An additional individual-level concern that must be addressed is Jason’s chronic pain from multiple herniated disks. During the first week of substance abuse treatment, Jason’s plan should include a complete physical examination with an emphasis on assessing pain level and spinal functioning, as well as HIV and hepatitis screening. Throughout his substance abuse treatment, Jason should receive psychoeducation via group work, lectures, reading materials, and videos or other media in order to enhance his understanding of the cyclic nature of pain disorders and opioid addiction. Jason also should make an appointment and establish a relationship with a medical specialist who is knowledgeable in both pain management and addictive disorders. Jason and this medical professional can develop an action plan to address his chronic back pain while minimizing his risk of opiate relapse.
Acute fiscal concerns and the accompanying stress associated with lack of financial resources were identified as primary risk factors for relapse. Individual-level interventions should include connecting Jason with vocational rehabilitation counselors who will assist him in identifying personal and employment strengths, acknowledging limitations in the current job market, and assisting him in finding employment. Finally, in order to enhance the likelihood of success in his recovery, Jason should address issues of shame resulting from his drug use and loss of family, employment, health, and identity. While in treatment, he should receive extensive psychoeducation as to the meaning and significance of shame in the recovery process. Jason should be encouraged to discuss, in individual and group counseling, the complex nature of his drug use and related intra- and interpersonal consequences.
Microsystem: Face-to-face interactions between individual and environment. Primary face- to-face interactions impacted by Jason’s addiction to opiates include communications with his ex-wife, sons, and mother. Although Jason’s marriage was negatively impacted by the family’s moving to Ohio, his use of prescription opioids following the move hurt his ability to communicate, restricted his interactions with his wife and children through gradual withdrawal from family events, and transferred parenting responsibilities to his wife. These changes in functioning within his nuclear family caused further alienation from others, including but not limited to his mother, friends, neighbors, fellow church members, and extended family. As a result of his opiate use, he no longer attended parent–teacher conferences at school and only sporadically appeared at his children’s baseball and football games.

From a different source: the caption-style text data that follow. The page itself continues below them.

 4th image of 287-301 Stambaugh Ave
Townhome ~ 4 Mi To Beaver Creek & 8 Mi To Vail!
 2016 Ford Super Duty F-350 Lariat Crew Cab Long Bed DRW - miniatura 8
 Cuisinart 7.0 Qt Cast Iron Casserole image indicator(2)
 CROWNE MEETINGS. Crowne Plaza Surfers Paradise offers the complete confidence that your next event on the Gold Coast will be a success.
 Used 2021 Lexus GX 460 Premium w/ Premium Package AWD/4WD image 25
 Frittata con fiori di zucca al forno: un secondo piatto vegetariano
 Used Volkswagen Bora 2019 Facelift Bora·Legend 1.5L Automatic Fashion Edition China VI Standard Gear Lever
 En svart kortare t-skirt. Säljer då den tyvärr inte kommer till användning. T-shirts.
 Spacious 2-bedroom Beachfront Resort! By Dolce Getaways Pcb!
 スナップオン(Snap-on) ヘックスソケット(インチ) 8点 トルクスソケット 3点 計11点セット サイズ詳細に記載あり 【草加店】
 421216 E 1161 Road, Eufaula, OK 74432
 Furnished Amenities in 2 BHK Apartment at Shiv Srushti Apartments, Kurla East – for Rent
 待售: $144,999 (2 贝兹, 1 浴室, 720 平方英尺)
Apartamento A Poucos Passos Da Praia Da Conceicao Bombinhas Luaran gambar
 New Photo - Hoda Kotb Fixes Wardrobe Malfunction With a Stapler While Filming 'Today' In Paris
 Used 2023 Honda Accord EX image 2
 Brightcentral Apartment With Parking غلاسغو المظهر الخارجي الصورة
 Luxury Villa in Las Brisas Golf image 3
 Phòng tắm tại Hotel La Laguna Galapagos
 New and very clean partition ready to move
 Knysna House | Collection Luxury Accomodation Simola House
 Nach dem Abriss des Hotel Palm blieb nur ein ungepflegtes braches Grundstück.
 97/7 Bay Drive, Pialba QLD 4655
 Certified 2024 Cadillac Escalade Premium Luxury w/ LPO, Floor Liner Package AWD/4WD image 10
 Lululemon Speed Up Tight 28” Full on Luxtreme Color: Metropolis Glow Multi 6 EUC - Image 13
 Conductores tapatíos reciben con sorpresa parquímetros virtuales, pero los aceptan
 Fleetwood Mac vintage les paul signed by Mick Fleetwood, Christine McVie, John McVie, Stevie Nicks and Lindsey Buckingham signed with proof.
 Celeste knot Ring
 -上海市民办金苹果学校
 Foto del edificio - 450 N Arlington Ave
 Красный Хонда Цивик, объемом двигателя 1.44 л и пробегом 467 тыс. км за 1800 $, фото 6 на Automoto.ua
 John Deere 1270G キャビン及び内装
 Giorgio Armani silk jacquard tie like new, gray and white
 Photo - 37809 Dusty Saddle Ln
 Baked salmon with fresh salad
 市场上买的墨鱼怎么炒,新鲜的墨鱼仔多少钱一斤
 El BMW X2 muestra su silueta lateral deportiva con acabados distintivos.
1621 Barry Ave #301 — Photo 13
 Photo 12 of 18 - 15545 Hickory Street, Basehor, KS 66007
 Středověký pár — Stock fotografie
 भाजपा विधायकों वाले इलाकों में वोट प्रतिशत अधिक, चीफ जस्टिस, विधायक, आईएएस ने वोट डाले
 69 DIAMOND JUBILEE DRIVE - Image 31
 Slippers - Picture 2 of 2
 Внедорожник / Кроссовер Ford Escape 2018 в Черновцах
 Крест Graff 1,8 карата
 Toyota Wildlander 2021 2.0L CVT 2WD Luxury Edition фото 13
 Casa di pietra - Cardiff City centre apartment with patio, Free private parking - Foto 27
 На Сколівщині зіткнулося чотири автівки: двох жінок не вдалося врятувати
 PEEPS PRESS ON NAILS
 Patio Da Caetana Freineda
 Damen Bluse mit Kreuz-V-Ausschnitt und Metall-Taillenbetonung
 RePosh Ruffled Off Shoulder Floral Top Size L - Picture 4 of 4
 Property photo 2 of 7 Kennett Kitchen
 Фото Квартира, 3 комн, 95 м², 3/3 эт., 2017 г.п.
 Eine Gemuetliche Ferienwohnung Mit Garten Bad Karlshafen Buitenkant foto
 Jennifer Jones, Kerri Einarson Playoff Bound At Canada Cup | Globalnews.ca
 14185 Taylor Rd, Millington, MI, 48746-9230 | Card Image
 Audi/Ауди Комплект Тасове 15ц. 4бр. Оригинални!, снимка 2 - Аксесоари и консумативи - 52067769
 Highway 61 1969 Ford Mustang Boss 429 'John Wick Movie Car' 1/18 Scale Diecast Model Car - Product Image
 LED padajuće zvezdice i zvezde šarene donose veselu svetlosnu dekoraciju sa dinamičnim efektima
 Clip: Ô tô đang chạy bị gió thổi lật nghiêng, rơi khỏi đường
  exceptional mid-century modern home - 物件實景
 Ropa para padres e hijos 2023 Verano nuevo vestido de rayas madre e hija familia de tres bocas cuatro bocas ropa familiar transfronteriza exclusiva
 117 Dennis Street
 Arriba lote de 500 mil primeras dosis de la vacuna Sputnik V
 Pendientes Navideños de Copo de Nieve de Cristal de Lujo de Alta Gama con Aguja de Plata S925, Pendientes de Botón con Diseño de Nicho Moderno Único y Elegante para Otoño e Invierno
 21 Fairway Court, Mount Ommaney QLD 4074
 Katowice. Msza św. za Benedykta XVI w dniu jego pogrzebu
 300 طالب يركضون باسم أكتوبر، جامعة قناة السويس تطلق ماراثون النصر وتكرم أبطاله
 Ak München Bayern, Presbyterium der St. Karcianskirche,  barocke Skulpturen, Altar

Having grown up in a small town, Jason was well known and well liked by many in his community. While working at the local concrete company in his home town, he had developed a tight-knit group of close friends, many of whom he knew from childhood. Upon his return to West Virginia following his loss of employment and injury while in Ohio, Jason no longer reached out to this group of friends. Instead, his primary focus became finding, paying for, and using opioids in order to avoid painful withdrawal symptoms. His social circle was nearly replaced by his drug dealer and occasional fellow heroin users with whom he would shoot up and share needles.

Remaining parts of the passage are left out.